[vagrant@openshiftdev ~]$ oc new-app -f /data/src/github.com/openshift/origin/examples/db-templates/postgresql-ephemeral-template.json [snip] [vagrant@openshiftdev ~]$ oc get pods NAME READY STATUS RESTARTS AGE postgresql-1-gth26 0/1 CrashLoopBackOff 5 3m Sometimes the pod runs successfully, but if I kill the pod at least once, it goes into the crash loop. Logs from the pod: [vagrant@openshiftdev ~]$ oc logs -p postgresql-1-gth26 waiting for server to start....FATAL: data directory "/var/lib/pgsql/data/userdata" has group or world access DETAIL: Permissions should be u=rwx (0700). .... stopped waiting pg_ctl: could not start server Examine the log output.
Matin, we met similar issue when using persisten template, please see the bug comment here https://bugzilla.redhat.com/show_bug.cgi?id=1276326#c46; but it works for us with ephemeral template which has been tested today.
I restarted the pod using docker kill. Using `oc scale` has revealed another bug: + '[' '!' -f /var/lib/pgsql/data/userdata/postgresql.conf ']' + set_passwords + pg_ctl -w start -o '-h '\'''\''' pg_ctl: another server might be running; trying to start server anyway waiting for server to start.... done server started + [[ ,,simple_db, = *,simple_db,* ]] + psql --command 'ALTER USER "userHR2" WITH ENCRYPTED PASSWORD '\''uLXs7CicjOQHT1HP'\'';' ERROR: role "userHR2" does not exist (this was with a debugging image, with set -x)
Wenjing you are right and there's a PR there to fix that, so sorry for duplicate. But I'm still concerned about that ALTER USER bug. Ading Honza and Pavel.
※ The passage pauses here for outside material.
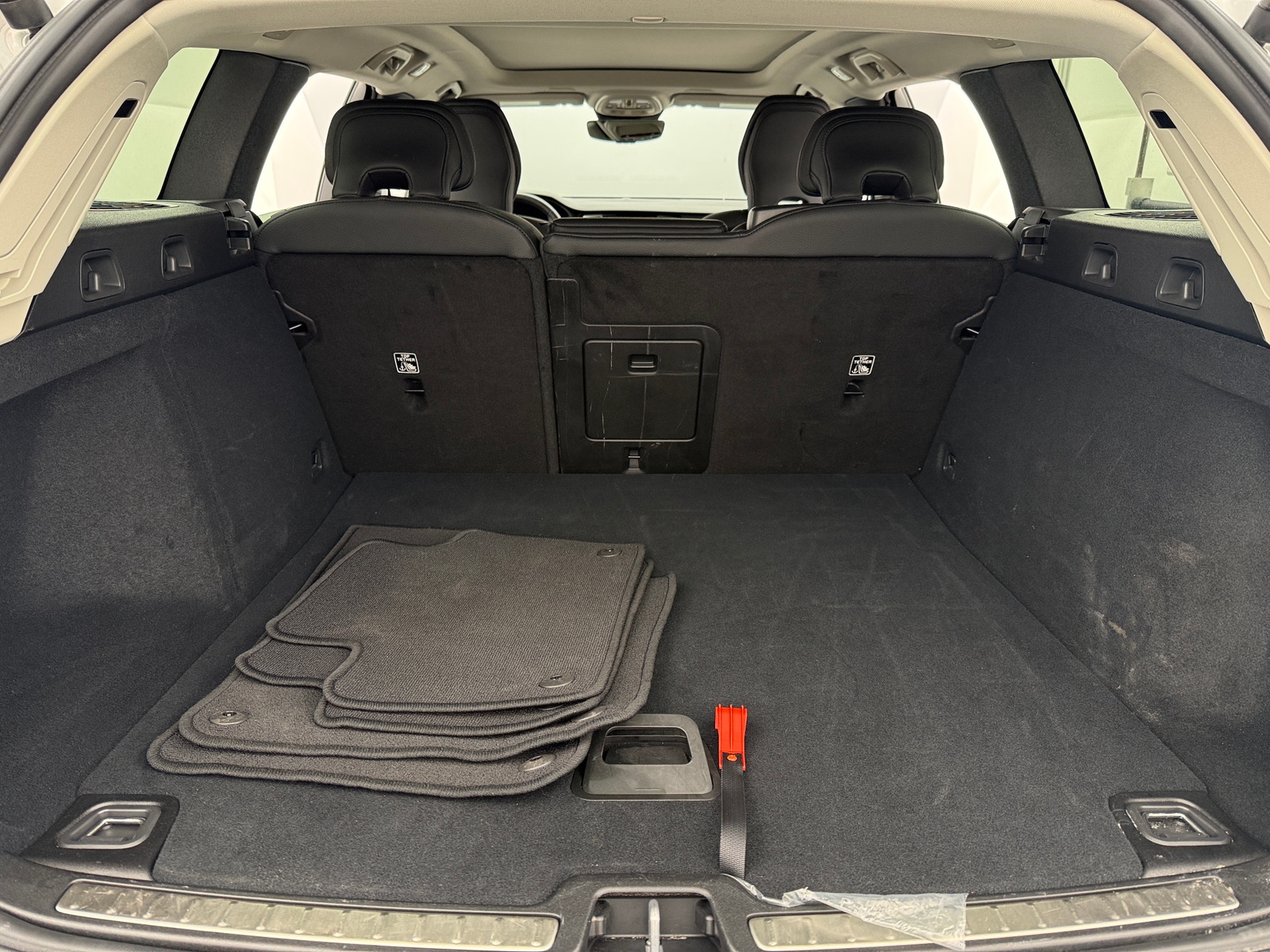 Thumbnail: 2025 Volvo V60 - 6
Martin, what script set the wrong permissions on */userdata directory? That should be created by initdb (and correctly) automatically. (In reply to Martin Nagy from comment #2) > I restarted the pod using docker kill. Using `oc scale` has revealed another > bug: > + '[' '!' -f /var/lib/pgsql/data/userdata/postgresql.conf ']' > + set_passwords > + pg_ctl -w start -o '-h '\'''\''' > pg_ctl: another server might be running; trying to start server anyway Pre-existing pidfile? > waiting for server to start.... done > server started > + [[ ,,simple_db, = *,simple_db,* ]] > + psql --command 'ALTER USER "userHR2" WITH ENCRYPTED PASSWORD > '\''uLXs7CicjOQHT1HP'\'';' > ERROR: role "userHR2" does not exist > > > (this was with a debugging image, with set -x) Isn't this scenario teststed? I mean, haven't you killed the first container too early?
I don't think I did, but that shouldn't matter, should it?
I doubt it's safe to kill the run-postgresql-master before the initialization phase is done (I mean before it calls 'exec postgres "$@"').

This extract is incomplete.